1. Una Unidad Basada en el Amor

La unidad no es un sentimiento abstracto, sino una conducta activa fundamentada en virtudes específicas (Efesios 4:2). Jesús fue claro al decir: "En esto conocerán todos que sois mis discípulos, si tuviereis amor los unos con los otros" Juan 13:35.

  • Humildad: El antídoto contra el orgullo. Detrás de cada discordia anida la soberbia; la humildad es el secreto de la concordia.

  • Mansedumbre: La "gentileza del fuerte" cuyo poder está bajo control. Es la ausencia de la disposición de hacer valer derechos personales ante Dios o los hombres.

  • Paciencia y Soporte: Soportar por mucho tiempo a la gente provocativa y practicar la tolerancia mutua.

  • Amor: Definido como el "vínculo perfecto" Colosenses 3:14, es la corona de todas las virtudes.

2. El Origen Divino de la Unidad

Nuestra unidad no es algo que debamos "crear" mediante esfuerzos humanos, sino algo que debemos guardar, pues su origen es la Trinidad misma.

El Siete de la Unidad (Efesios 4:5-6)

Existen siete elementos que fundamentan nuestra realidad espiritual:

  1. Un Cuerpo: La Iglesia única que reúne a todos los redimidos.

  2. Un Espíritu: Quien nos integra en un solo organismo por el bautismo.

  3. Una Esperanza: El anhelo común de nuestra herencia eterna.

  4. Un Señor: Jesucristo, único objeto de nuestra fe.

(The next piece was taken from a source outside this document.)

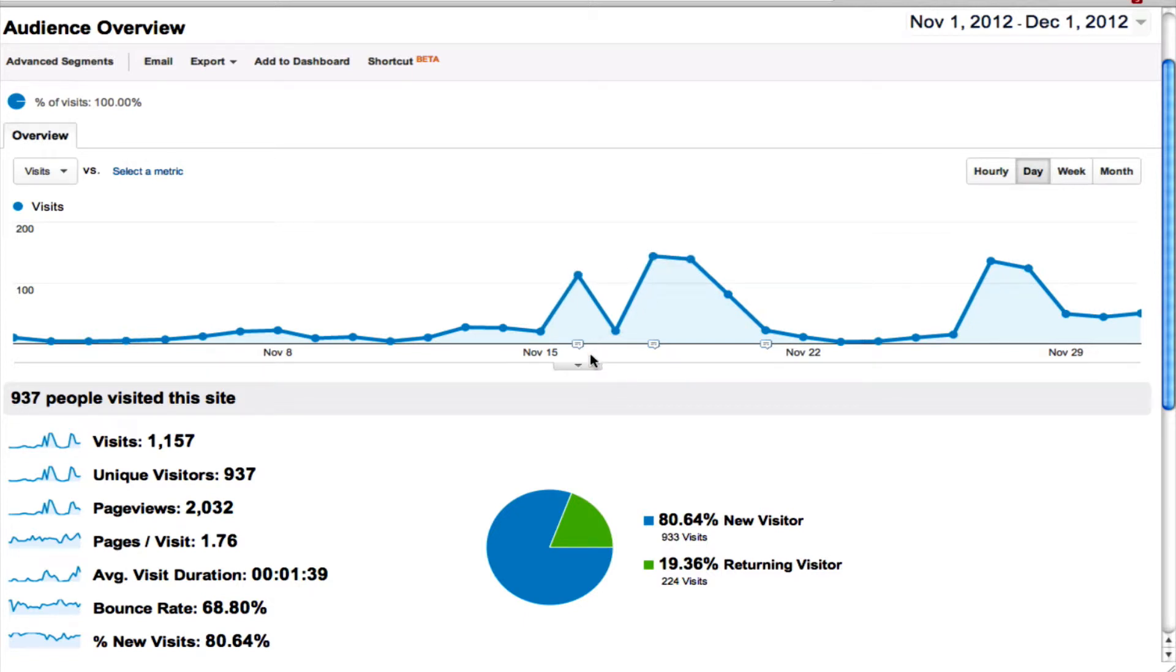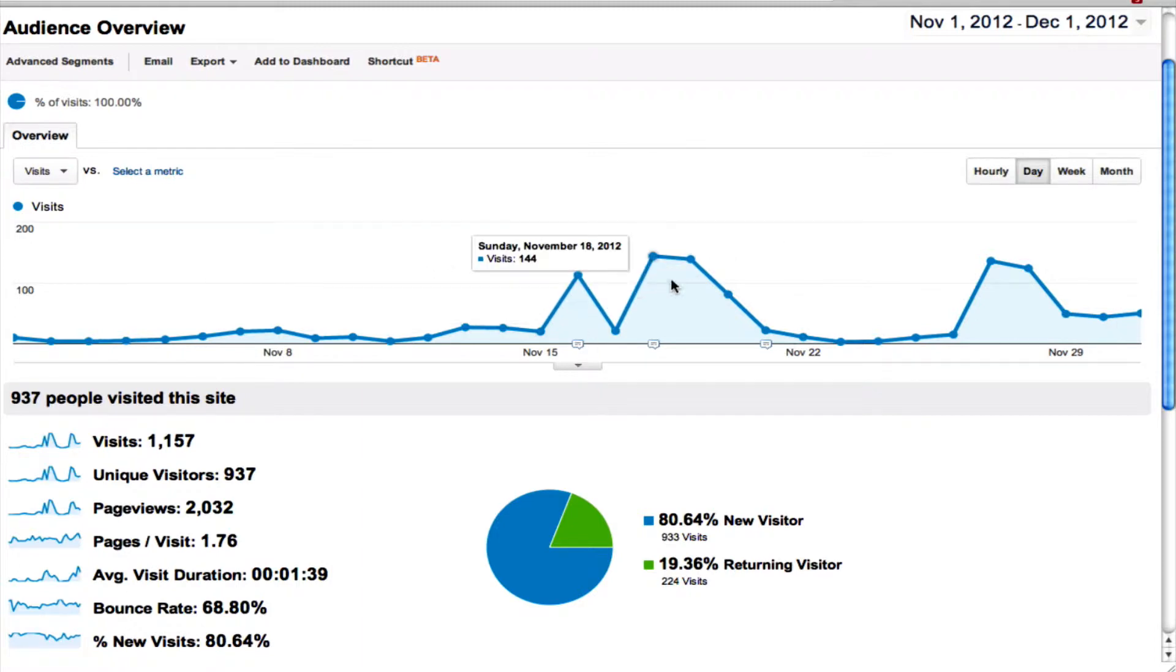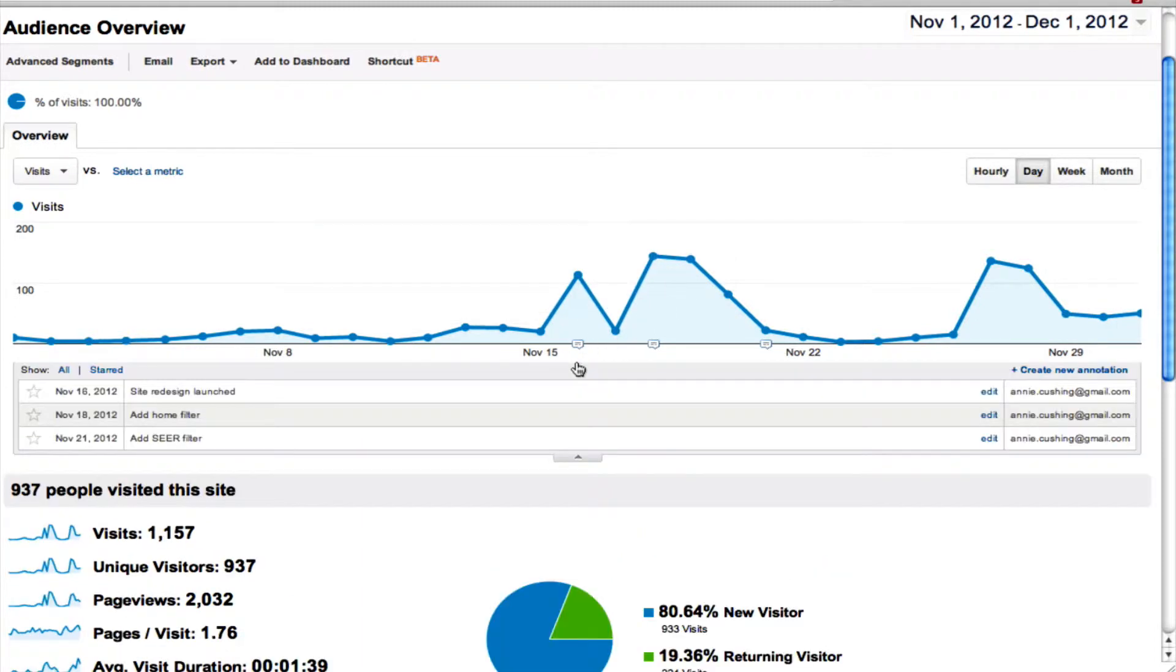I'm going to show you how easy it is to add an annotation in Google Analytics. All you have to do is beneath the timeline here you'll see a down facing arrow. Just click on that and this is where your annotations live.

  5. Una Fe: Las doctrinas fundamentales de la ortodoxia cristiana.

  6. Un Bautismo: El sello de nuestra unión con Cristo.

  7. Un Dios y Padre: Quien crea una única familia bajo Su soberanía.

3. La Paradoja de la Desunión y la Apostasía

Aunque Cristo no está dividido, el cuerpo visible de creyentes a menudo lo está. Es vital distinguir entre las divisiones por orgullo y las divisiones por fidelidad a la Verdad.

¿Cuándo es necesaria la división?

Existen disensiones que Dios permite para que se manifiesten "los que son aprobados" 1 Corintios 11:19. Cuando un grupo o denominación niega la claridad de la Escritura y permanece sin arrepentirse (como en el caso de la aceptación abierta de prácticas que la Biblia llama pecado o la apostasía doctrinal), es bíblico y prudente romper relaciones para preservar la pureza.

El peligro de las disputas no fundamentales

Por otro lado, muchos cristianos usan temas no esenciales (estilos de adoración, detalles escatológicos o posturas teológicas secundarias) como justificación para la ira y la división. En estos casos, el amor es sacrificado por el orgullo. Debemos recordar que "Aquel que es poderoso para hacerle estar firme" sostiene a nuestro hermano, aunque piense diferente en lo no fundamental (Romanos 14:4).

4. Diversidad de Ministerios para el Crecimiento

La unidad no es uniformidad. Cristo ha enriquecido a Su Iglesia con una diversidad de dones para equipar a los santos para el servicio:

  • Apóstoles y Profetas: Constituyen el fundamento y los receptores de la revelación original.

  • Evangelistas: Aquellos con el don de la obra pionera y la predicación de salvación.

  • Pastores-Maestros: Encargados de alimentar y cuidar la grey mediante la enseñanza constante.

5. Hacia la Madurez y el Arrepentimiento

La Iglesia debe crecer hasta alcanzar la "estatura de la plenitud de Cristo". Esto requiere un compromiso personal y colectivo:

Superar las Barreras Denominacionales

En el trono de Dios no habrá etiquetas de "Bautista", "Presbiteriano" o "Pentecostal". Todos seremos corregidos en nuestra teología ante Su presencia. Por lo tanto, nuestra prioridad debe ser el terreno común que nos une: ¡Jesús! ### El Equilibrio: Verdad y Amor

  • Seguir la verdad en amor: Si sacrificamos la verdad por el amor, caemos en el sentimentalismo. Si sacrificamos el amor por la verdad, caemos en la frialdad doctrinal. La verdad debe ser suavizada por el amor, y el amor fortalecido por la verdad.

Conclusión: La apostasía comienza en el corazón cuando ponemos distancia con nuestros hermanos por opiniones secundarias. La Iglesia necesita arrepentirse, mirarse a sí misma y decidir permanecer unida en las doctrinas fundamentales contra el verdadero enemigo. El amor es el vínculo que convencerá al mundo de que somos Suyos.